La Bible enseigne encore que tout ce qui concerne notre avenir a été remis entre les mains de Jésus-Christ, jamais de Marie. Jean, l’apôtre bien-aimé, à qui Jésus confia l’avenir de sa mère, donne ce témoignage de première importance « Le Père ne juge personne mais il a remis tout jugement au fils afin que tous honorent le Fils comme ils honorent le Père » Jean 5 : 22, 23.  « Le témoignage de Dieu, c’est qu’il rend témoignage à son fils... Ce témoignage, c’est que Dieu nous a donné la vie éternelle ; et cette vie est en son Fils...  Vous avez la vie éternelle, vous qui croyez au nom du Fils de Dieu » 1 Jean 5 : 9, 11,13.  Citons deux dernières répliques données par notre Seigneur et Sauveur Jésus-Christ : « Tandis que Jésus parlait ainsi, une femme, élevant la voix du milieu de la foule, lui dit : Heureux le sein qui t’a porté ! Heureuses les mamelles qui t’ont allaité ! Et il répondit : Heureux plutôt ceux qui écoutent la parole et qui la garde ». Luc 11 : 27-28. Jésus a encore dit : « Moi, je suis la porte : Si quelqu’un entre par moi, il sera sauvé ». Jean 10 : 9.

 

Marie n’en demeure pas moins un merveilleux exemple de foi et d’humilité. Il doit nous servir de référence, mais en aucun cas Marie a un pouvoir salvateur pour l’humain. Cela n’appartient qu’à Jésus-Christ.

Mais alors, comment peut-on expliquer la distorsion d’interprétation des Saintes Ecritures ? L’histoire confirme que cette distanciation est l’œuvre de l’humain. Pour des raisons politiques et religieuses, le rôle de Marie s’est imposé comme répondant à un besoin de conciliation entre les éléments païens et chrétiens de l’époque romaine. Par la suite, l’Eglise catholique, apostolique (?), et romaine a exercé son autorité sur toute la chrétienté pendant des siècles.

Il faut se rappeler que ce n’est qu’au 20 siècle, sous les pontificats de Jean 23 et de Paul 6, au concile de Vatican 2 (cf.11 octobre 1962 au 8 décembre 1965) que la lecture de la Bible a été recommandée.
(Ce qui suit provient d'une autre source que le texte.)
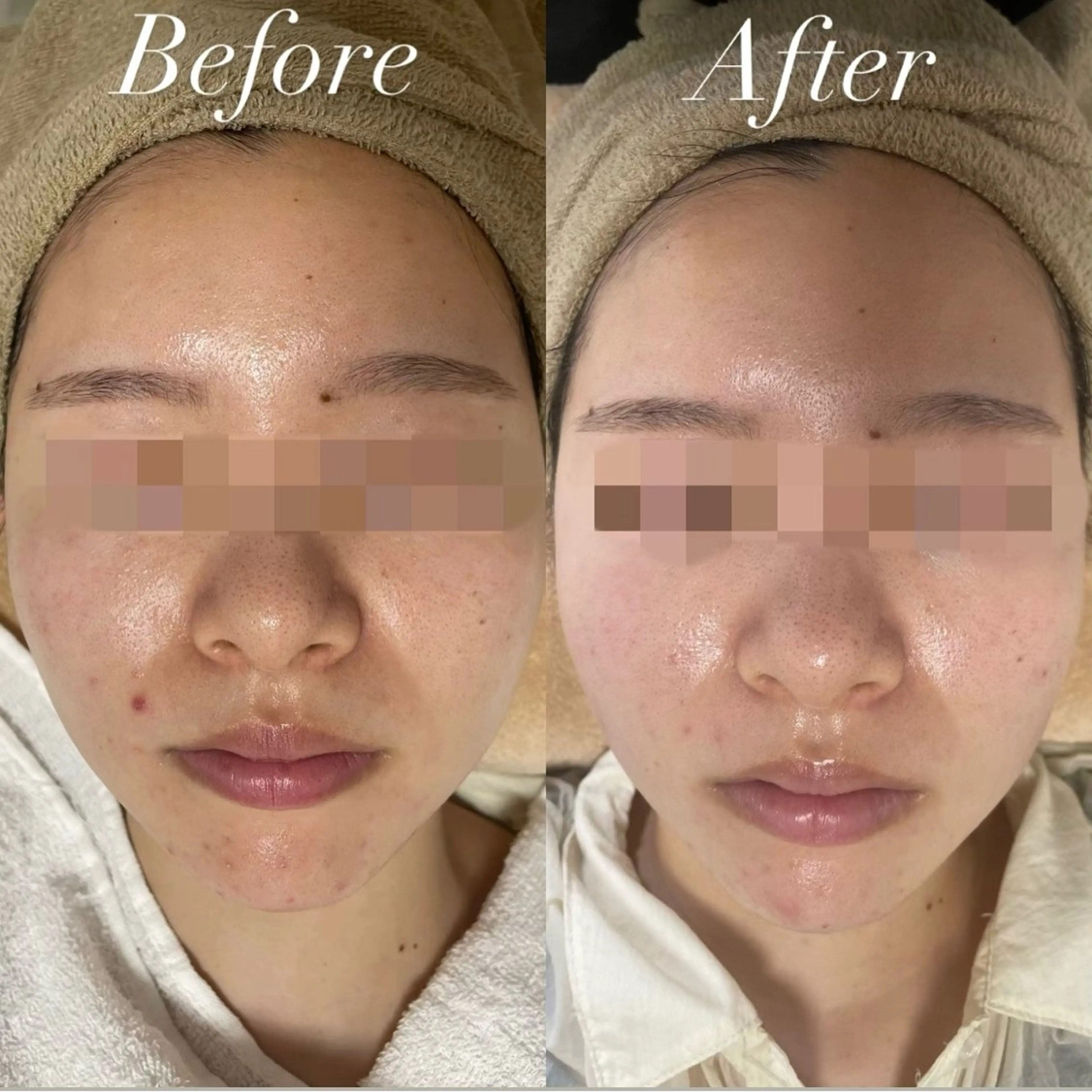 エステ プライベートサロン Belle（ベル）のエステ・リラクイメージ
Avant ce temps, elle était soit interdite dans certains pays, soit sa lecture fortement déconseillée. Heureusement ce n’est plus le cas de nos jours, et chacun peut en conscience vérifier chaque enseignement présenté par les apôtres…
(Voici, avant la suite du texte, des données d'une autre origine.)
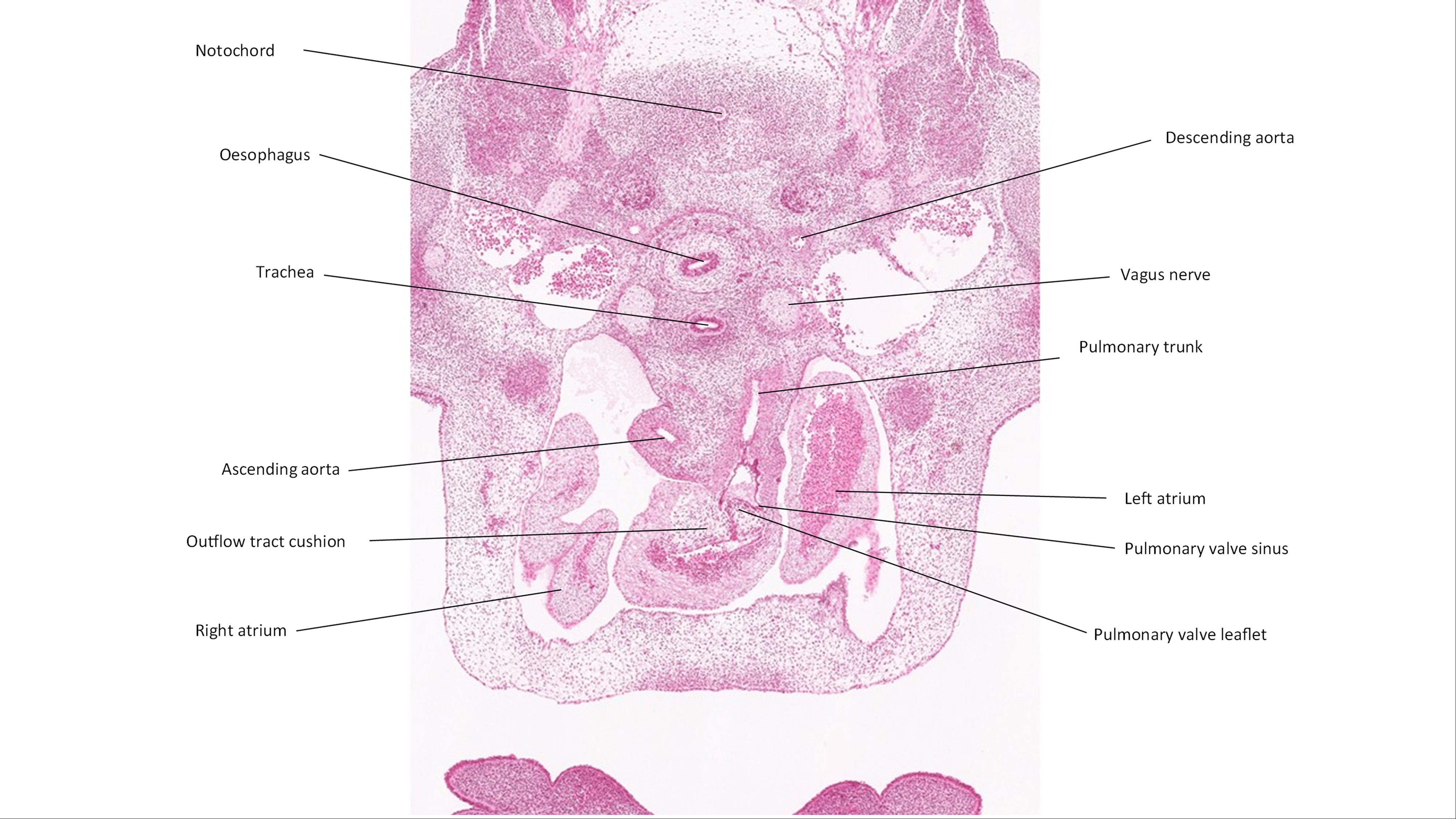 A histology section of a human embryo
Alors, à chacun son choix, dans le respect mutuel et la confiance en Dieu. Mais, de même que jamais les ténèbres n’effaceront la lumière, de même le déni d’une vérité biblique historique n’occultera jamais la splendeur d’un enseignement d’une portée éternelle en J.- C.

   

    Jésus a dit : « personne ne vient au Père si ce n’est par moi. » Jean 14 : 6.

                                                                               

                                                                                  Jacques Eychenne 

                           

PS:  (1) et (2) Les rendez-vous de Dieu,éditions Cameron, oct. 2002, p.194.